▶ _About this exercise_
In the data below, set down exactly the lines from the one containing "AMERICAN-SOUNDS_foto-Angelica-Concari_30-1024x683 Auditorium di" up to and including the one containing "J Crew Dress". Leave the pictures out.

▶ _Given data_
__________________________________________________
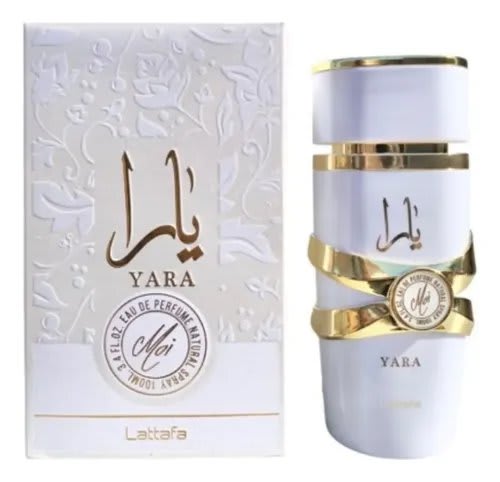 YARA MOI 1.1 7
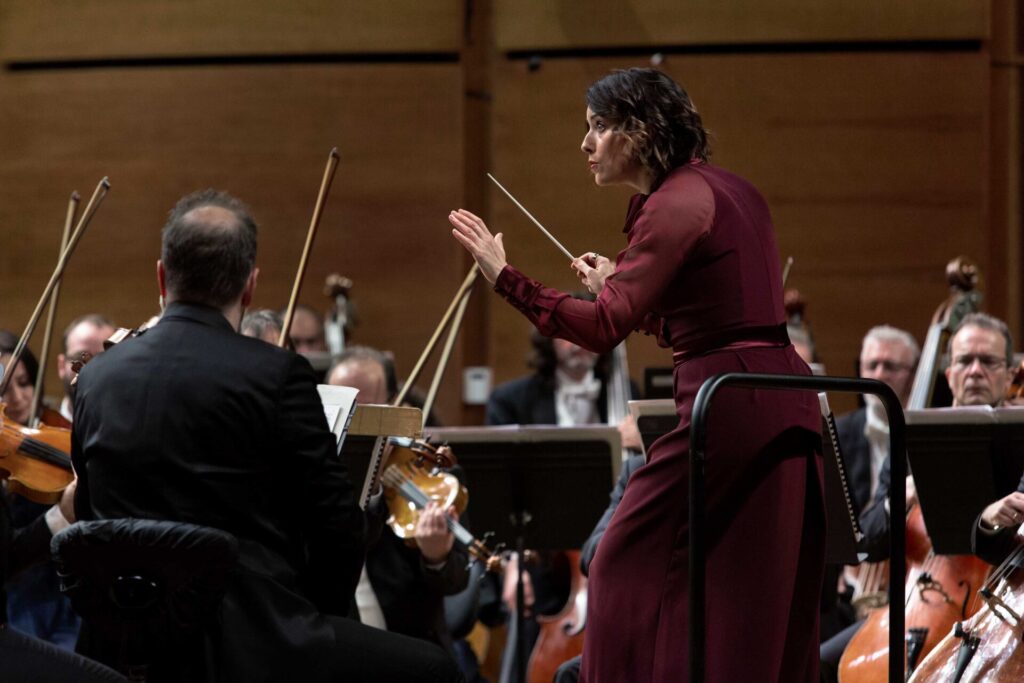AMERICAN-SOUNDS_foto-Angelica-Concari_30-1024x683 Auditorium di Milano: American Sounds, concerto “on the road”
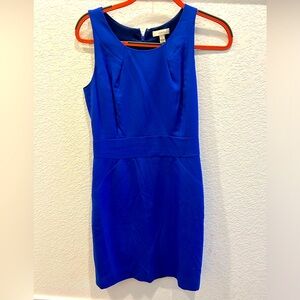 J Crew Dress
__________________________________________________
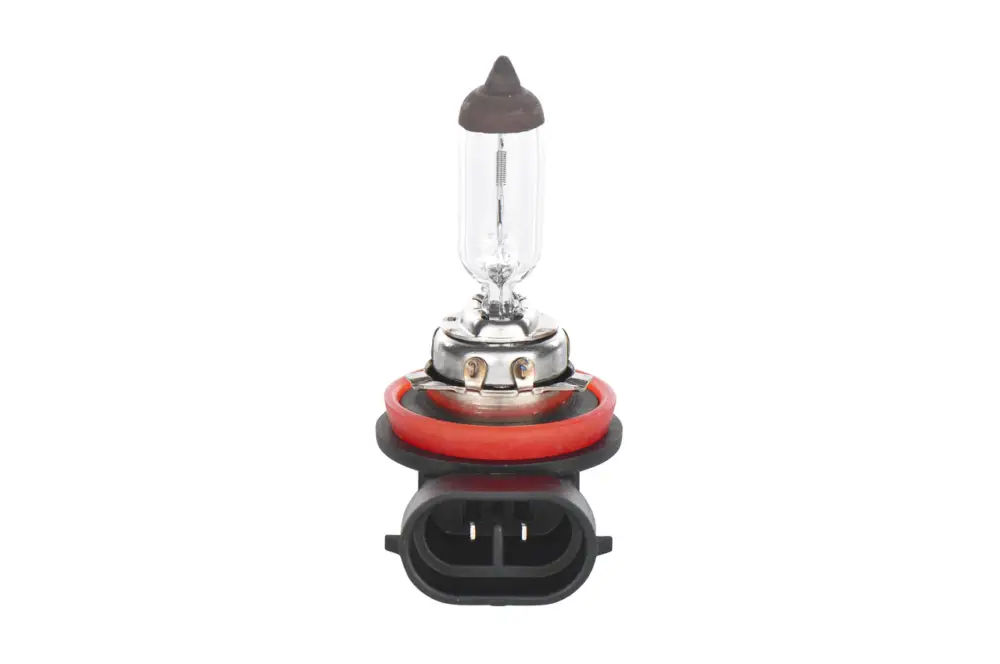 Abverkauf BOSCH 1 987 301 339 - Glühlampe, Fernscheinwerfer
__________________________________________________
▶ _Your response_
AMERICAN-SOUNDS_foto-Angelica-Concari_30-1024x683 Auditorium di Milano: American Sounds, concerto “on the road”
 J Crew Dress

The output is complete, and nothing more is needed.